ヴォーカリストとギターのみでこのバンドの本質が把握出来るが、ギターは単調になりがちな曲をきわめて個性的なものとすることに寄与していて、筆者はギタリストのJINTAさんの演奏をもっぱら見続けた。それを聴いていて心地よいのは、サビで泣かせようといった魂胆がどの曲にも見え透いていないからだ。つまり、これ以上はないという刹那的なストレートさが売りで、それだけに4人は等しく自分の役割を目いっぱい果たそうとしている。彼らは体型がかなり違い、JINTAさんは蝦茶色地に黄色や青、白などの大きな水玉模様のシャツに着替えたが、ヴォーカリストはそうではなく、また全員好きなものを着ている。JINTAさんの尊敬するギタリストは誰か知らないが、ザッパ・ファンであることは彼の演奏からは想像がつかない。筆者はそういう才能を買いたい。だいたいどのような表現者でも尊敬する先達がいるが、その作品を模倣しがちだ。またそれは模倣であるだけにとてもつまらない。ザッパのギターを尊敬すると、ザッパらしいギター・ソロが弾けるようになるだろうが、そのことにどれほどの意味や意義があるだろうか。JINTAさんのギターは短いリフを猛烈な速度で繰り返すことがほとんどだが、曲ごとにその色合いは違い、ミニマル手法を想起させながら、1曲の間でそのリフが驚くほど次々と変化し、全体としてとても色気がある。またそれは練習を重ねた確かな技術に支えられていて、安心して聴ける。エフェクターやボトルネック奏法を使い、また部分的にループ・ペダルも使っているかもしれないが、ヴォーカルの伴奏に徹しようとしながら、ヴォーカルとは対立しながら際立っている。

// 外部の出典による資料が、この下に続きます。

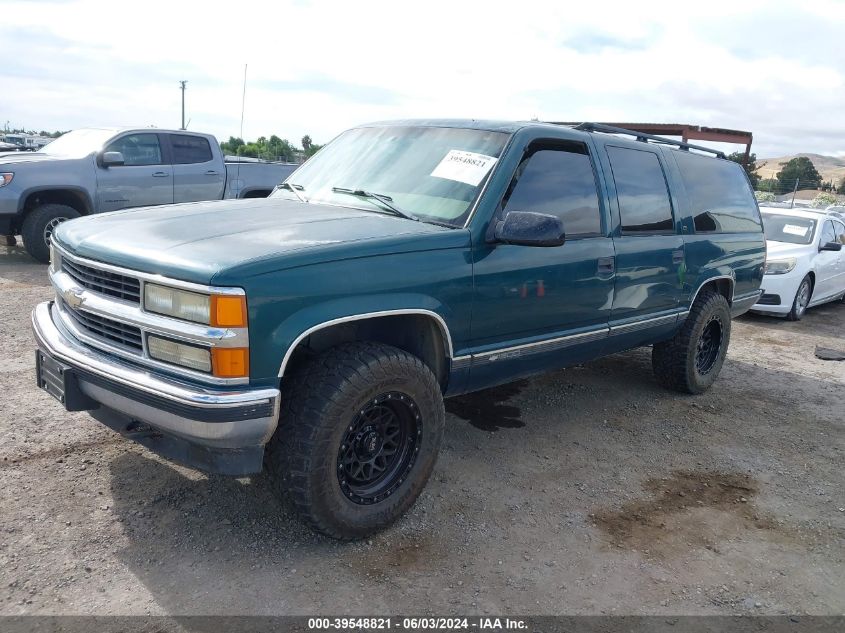 1998 Chevrolet Suburban 1500 VIN: 3GNFK16R8WG110256 Lot: 39548821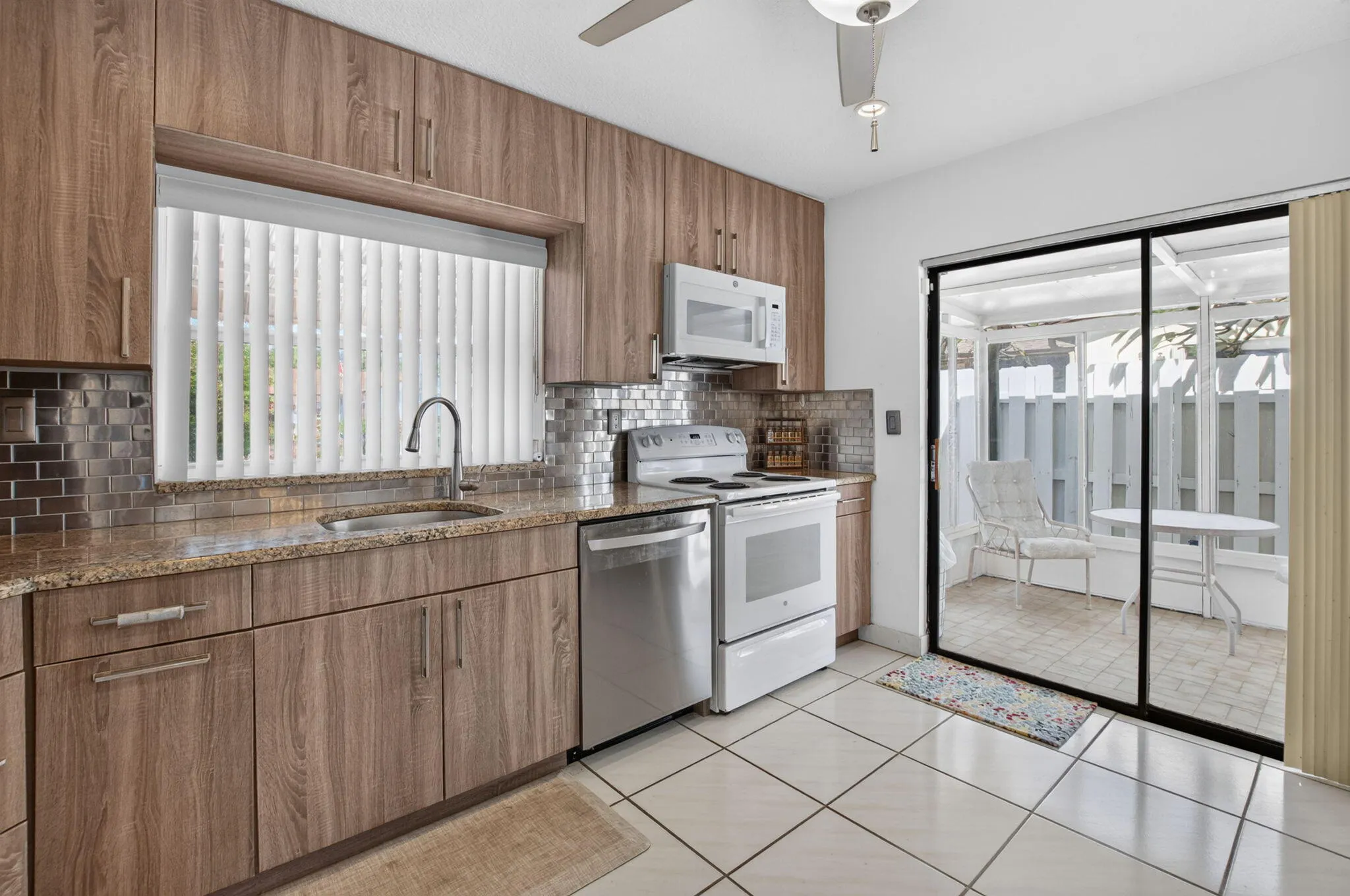 5537 Mirror Lakes Boulevard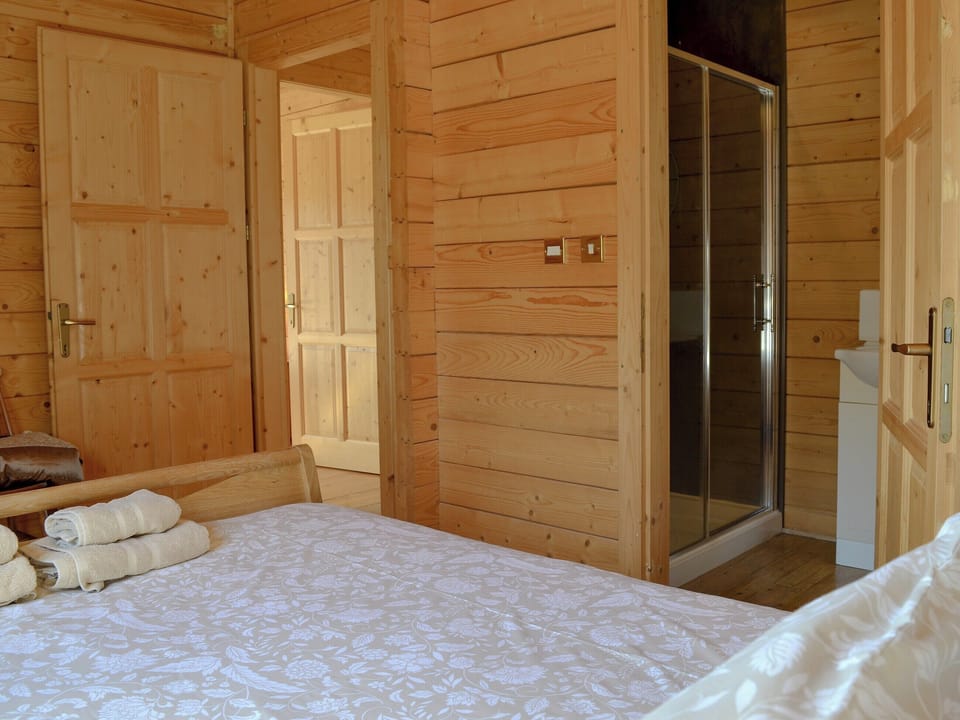Double bedroom | West Middlewick Farm - Dalch - West Middlewick Farm , Nomansland, near Tiverton
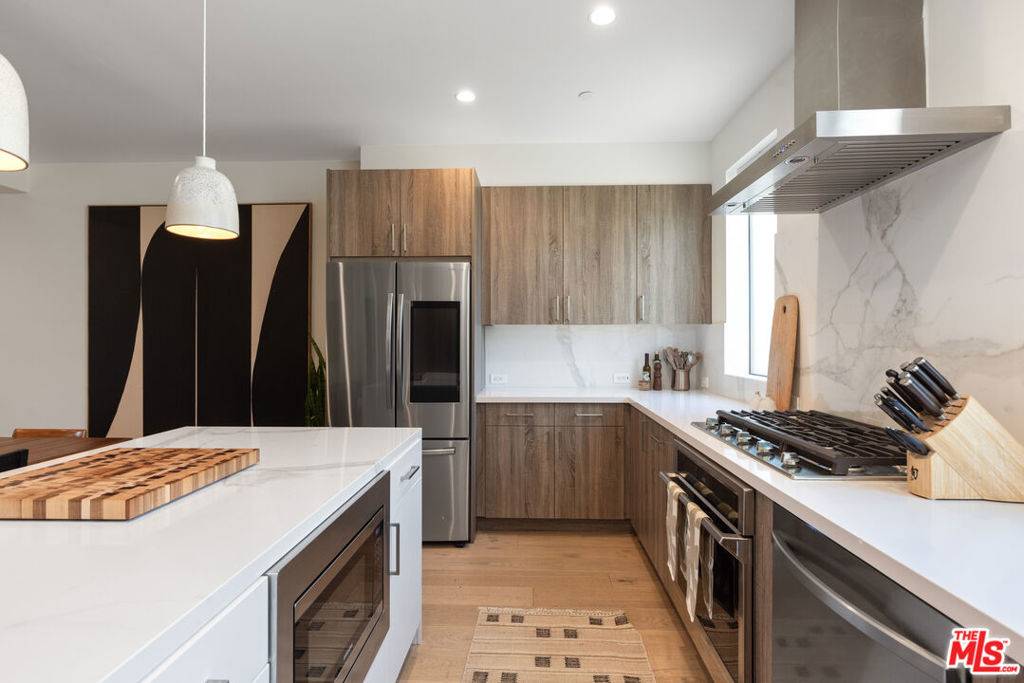 Los Angeles, CA 90038,1204 N Thomas LN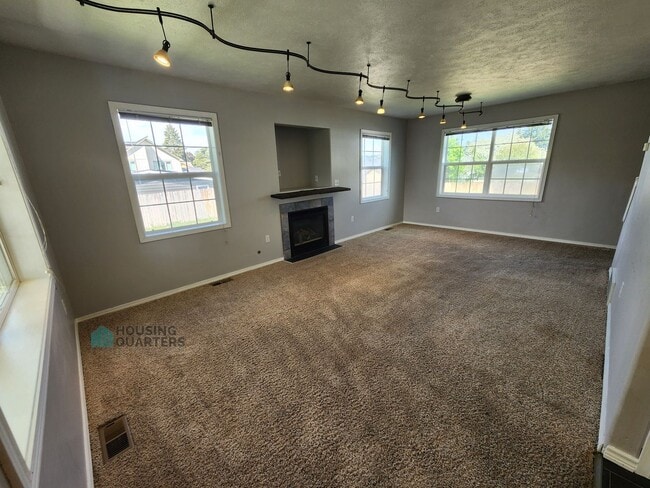 Photo - Spacious 4-Bedroom Home in Spokane Valley with Finished Basement & Fenced Yard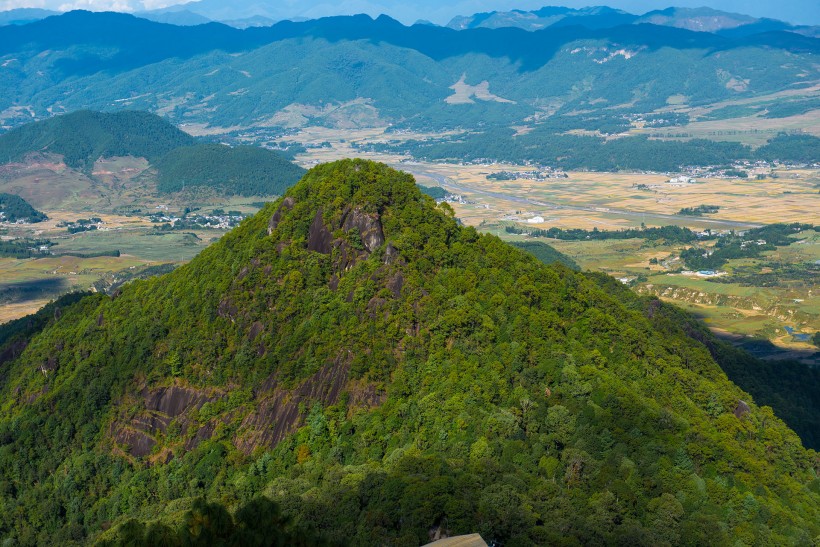 云南云峰山风景图片(17张)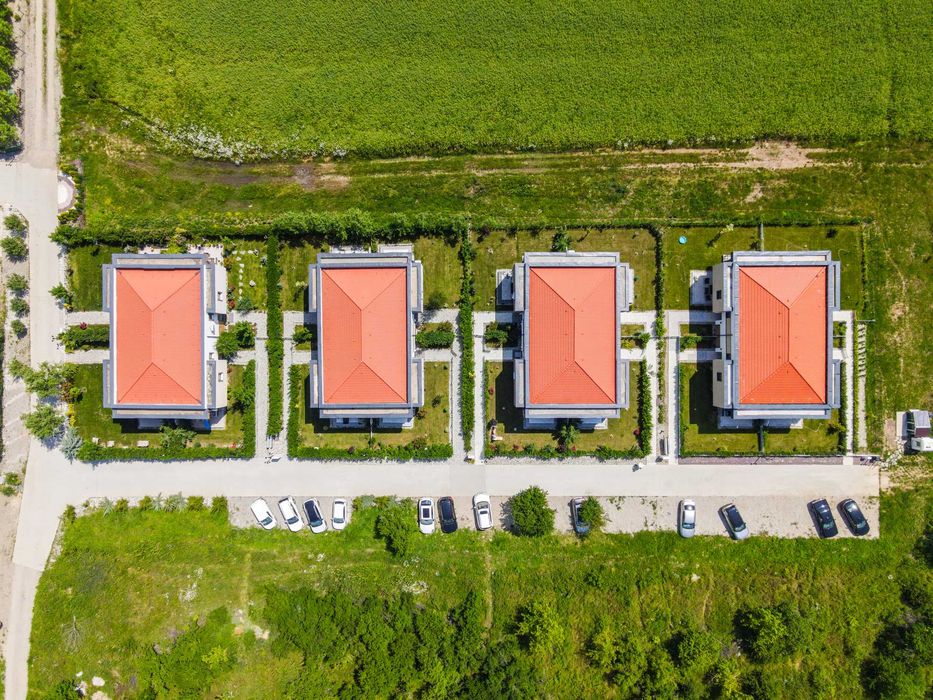 Snagov Plaza Houses – Locuințe cu grădină la doar 200 m de DN1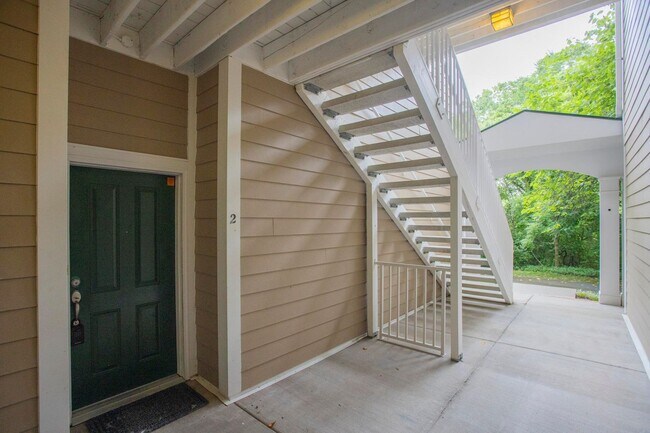 Building Photo - 8441 Callabee Way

もっとも、人間の声と違ってエレキ・ギターは多くの音色を発することが出来るから、それが目立ち過ぎるとヴォーカルを負かしがちだが、JINTAさんはそれをよく知っているのだろう。彼はステージの右端でしかもヴォーカリストのやや後方に斜にかまえて立ち、ほとんど顔をまともに見せずに演奏に没入している。その寡黙な雰囲気がまたよい。金森さんによればドラムスの若い女性は燻裕里さんのドラムスを担当することもあるという。4人はみな自分の役割に没入し、孤立しているように見える。では他のメンバーと代替可能かと言えば、そうではなく、4人がいてのまとまったバンドだ。ベースとドラムスは本来バックを手堅く務めるものだが、このバンドではヴォーカルとギターに負けずに力いっぱいに演奏する。ベーシストはメガネをかけて真面目で気弱そうな雰囲気だが、音の厚みと迫力はこれも時々憑依したかのような熱さを見せ、ドラムスも絶えず沸騰している。ライヴではそうした音量が体にびんびんと伝わる。それを通じて演奏者も聴き手もカタルシスを覚え、またそれをもたらすのがロックの本質だ。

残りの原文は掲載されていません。